Transcriptome analysis
RNA-seq processing
Raw RNA-Seq read counts were download from the GDC portal for the TCGA-SKCM cohort, and from the CCLE data portal for the melanoma cell lines. Counts of protein coding genes were converted to CPM after TMM normalization using the edgeR package. RPKM/FPKM values were calculated using the rpkm function.
Deconvolution of transcriptomic profiles by NMF
We used NMF (as implemented in the NMF71 R package) to deconvolve cancer and stromal transcriptomic profiles in the TCGA-SKCM cohort. The output of NMF consists of 2 matrices, W and H, whose product is the approximated matrix of observed CPM values. In this context, W is a gene-by-signature matrix containing the weights of each gene’s contribution to a signature and H is a signature-by-sample matrix containing the weight of each signature’s contribution to a sample. Here, signatures can be seen as cell-type specific gene expression modules. NMF was applied to a matrix of CPM values for 5000 genes and 470 samples, with the Brunet optimization algorithm. The genes were selected to have the largest mean absolute deviation (calculated using log-transformed CPM values) amongst autosomal protein coding genes with a mean RPKM > 1. The optimal number of signatures (i.e. decomposition rank) was determined using the proportion of ambiguous clustering (PAC).72 The final NMF decomposition is provided in Supplementary Tables 14 (matrix W) and 15 (matrix H).
Confirmation of intrinsic profiles using PCA and clustering
We recovered the three intrinsic NMF signatures using a classical clustering approach on purity adjusted gene expression. To mitigate the effect of stromal cell contamination, we restricted our analysis to genes with at least one read in all samples and whose expression (log-transformed CPM) positively correlated with tumor purity (Pearson correlation > 0.1) and not strongly positively correlated with NMF’s keratin signature (Pearson correlation < 0.2). The log-transformed CPM values of 5166 retained genes were regressed (linearly) on tumor purity. Genes were ranked by decreasing variance of the residuals, and the top 1500 were used for clustering of the tumor samples using the ConsensusClusterPlus73 R package, with 1000 resampling iterations of kmeans clustering with k = 3. The transcriptomic subgroup of each sample was assigned based on their membership to one of the 3 clusters.
Transcriptomic signatures and xCell analysis
A gene by sample matrix of mRNA RPKM expression values for 468 TCGA samples was passed to xCell to obtain cell-type enrichment scores for each sample. Spearman’s correlation between cell-type’s scores and NMF component weights was computed and plotted in Figure 6e.
Transcriptomic subgroup gene set enrichment analysis
Differential gene expression analysis was performed using DESeq274, comparing samples in each transcriptomic subgroup to all other samples. For each comparison, log2 fold-differences were supplied to the GSEA tool,44,45 using default parameters with the Hallmarks and Curated (C2) gene sets.
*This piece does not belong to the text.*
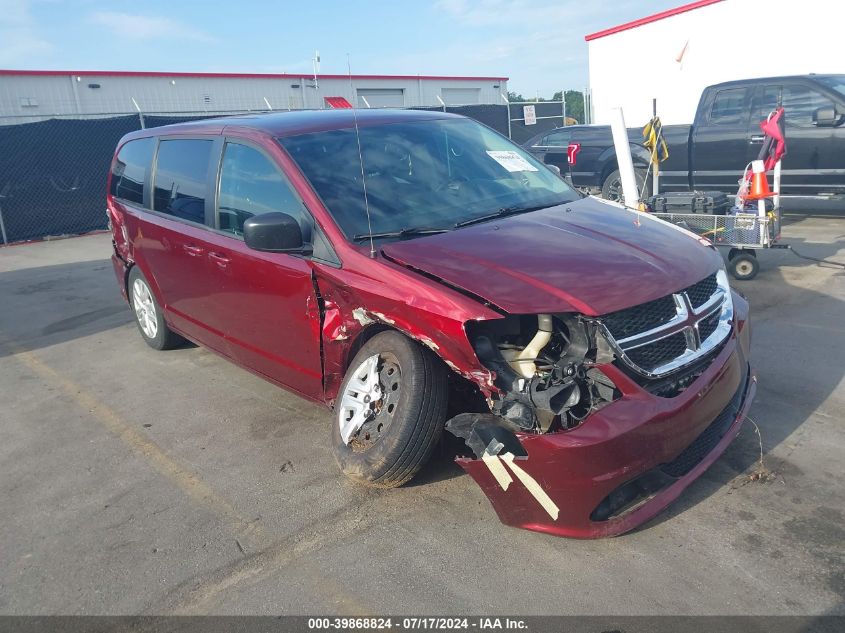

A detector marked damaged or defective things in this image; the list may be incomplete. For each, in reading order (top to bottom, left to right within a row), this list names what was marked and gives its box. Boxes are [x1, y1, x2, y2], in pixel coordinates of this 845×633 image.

damaged red minivan [109, 110, 756, 540]
broken headlight assembly [468, 312, 620, 432]
crumpled front bumper [454, 292, 752, 540]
Differential gene alteration analysis across transcriptomic subgroups
Differential alteration frequencies (coding mutations, homozygous deletions, and local amplifications) of candidate driver genes across transcriptional subgroups was assessed using a two-tailed Fisher’s exact test. For each gene, the test was performed on a two-by-three contingency table of alteration counts (gain and loss) and mRNA subgroups. P-values were adjusted for multiple testing using the Benjamini-Hochberg procedure.
X-linked analysis
Sex-biased mutation frequency
A two-tailed Fisher’s exact test was used to determine if a given SMG is differentially mutated (missense, inframe-indel or LoF) between males and females. To control for the different neutral mutation burden observed in males and females (see Figure 2A), separate null hypotheses [i.e. expected odds ratio (ORs)] were considered for autosomal and X-linked genes. Specifically, we set the expected OR of the Fisher’s test (i.e. “or” parameter in R’s fisher.test() function) to the median OR observed across all non-SMGs (mutated in at least 10 samples to ensure reliable estimates), considering autosomal and X-linked genes separately. P-values were adjusted for multiple testing using the Benjamini-Hochberg procedure.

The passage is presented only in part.